● Task requirements
Will you transcribe all the entries word for word, skipping the pictures they hold?

● Recorded data

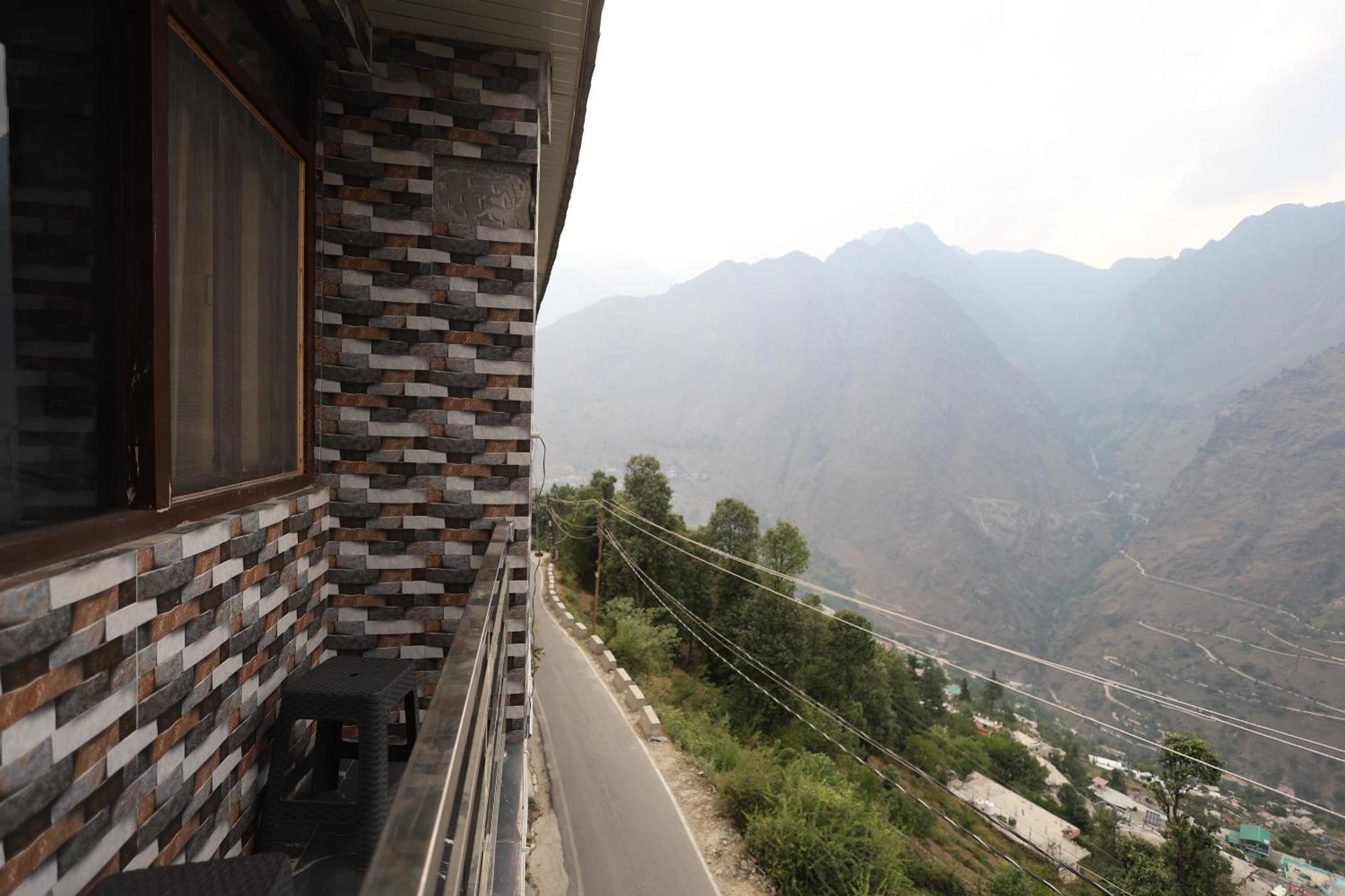 Sleeping Beauty Hotel Moutain View Property Joshīmath Esterno foto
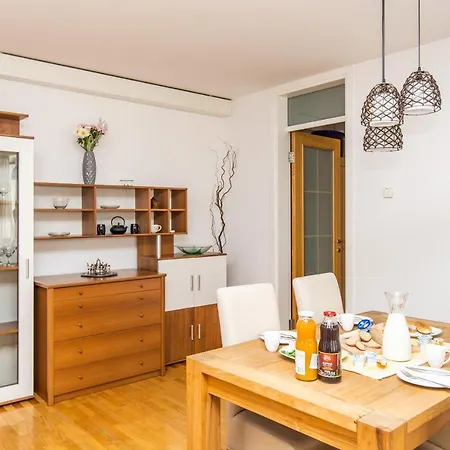 Modern 2bdr In The Center - Free Parking Apartment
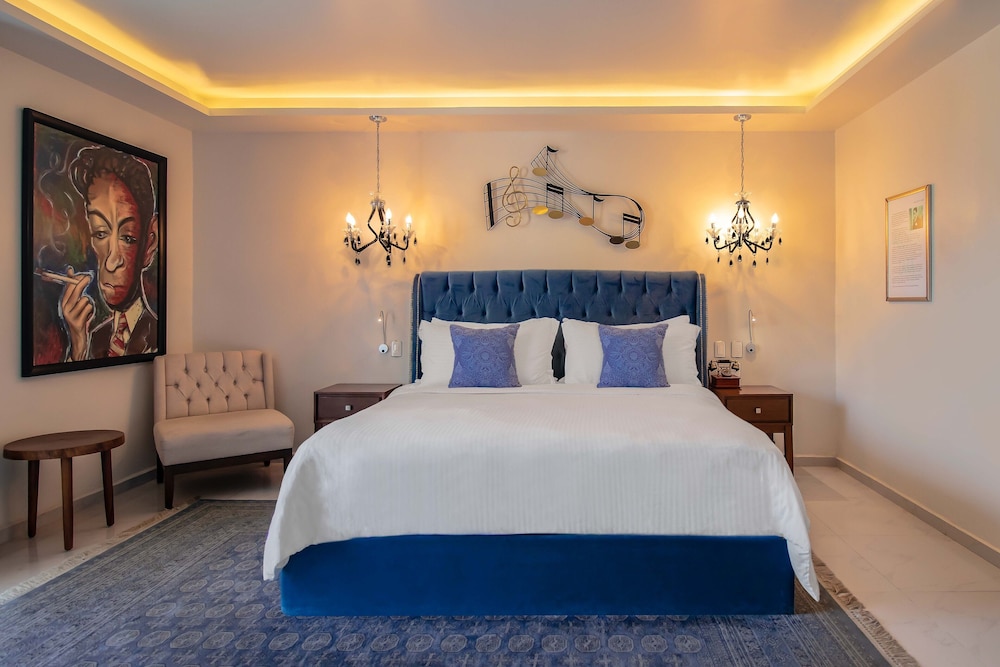 Deluxe Room, 1 King Bed photo 1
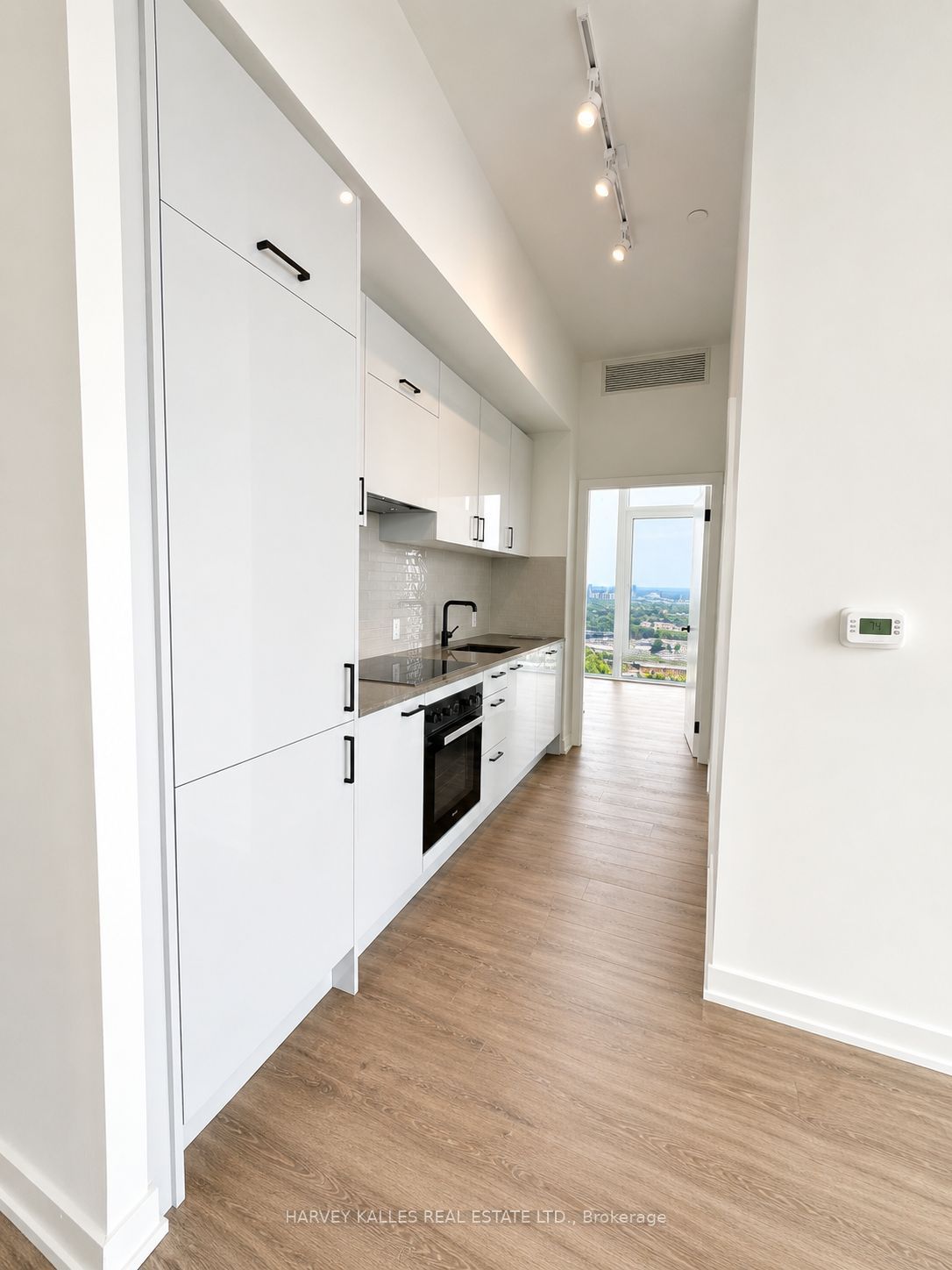 5 Quarrington Lane 3405, Toronto, ON M3C 0S5
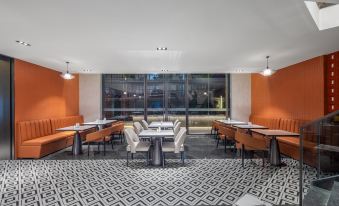 LiangZhi Huipin Hotel (Haikou Xiuying Exhibition Center)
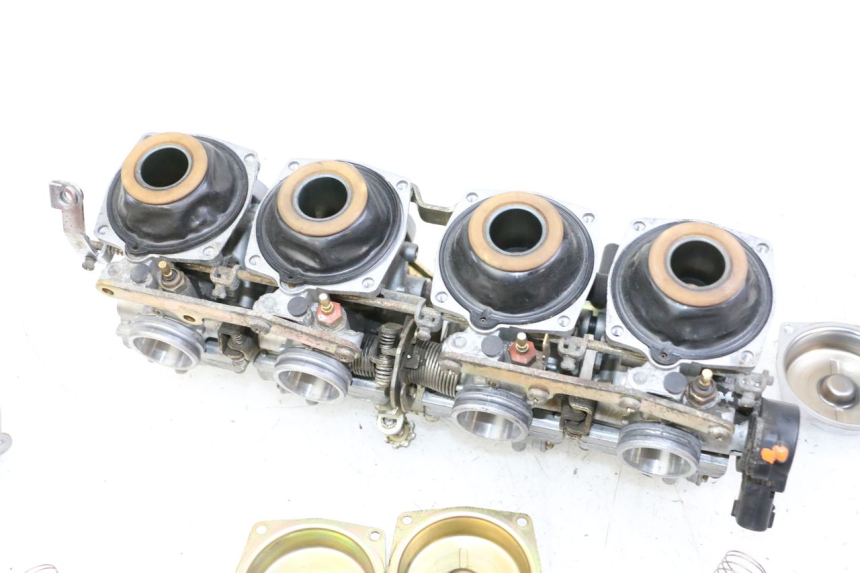 photo de CARBURATORE YAMAHA XJN DIVERSION 600 (2000 - 2003) - Zoom sullo stato d'uso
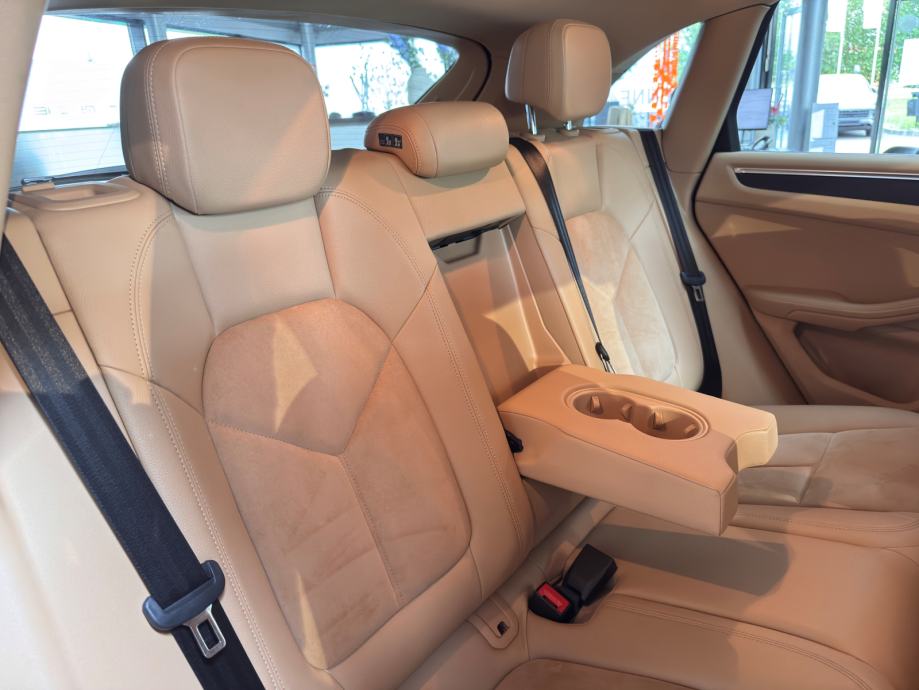 Porsche Macan (PORSCHE APPROVED JAMSTVO), fotografija 19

● Answer section
 Sleeping Beauty Hotel Moutain View Property Joshīmath Esterno foto
 Modern 2bdr In The Center - Free Parking Apartment
 Deluxe Room, 1 King Bed photo 1
 5 Quarrington Lane 3405, Toronto, ON M3C 0S5
 LiangZhi Huipin Hotel (Haikou Xiuying Exhibition Center)
 photo de CARBURATORE YAMAHA XJN DIVERSION 600 (2000 - 2003) - Zoom sullo stato d'uso
 Porsche Macan (PORSCHE APPROVED JAMSTVO), fotografija 19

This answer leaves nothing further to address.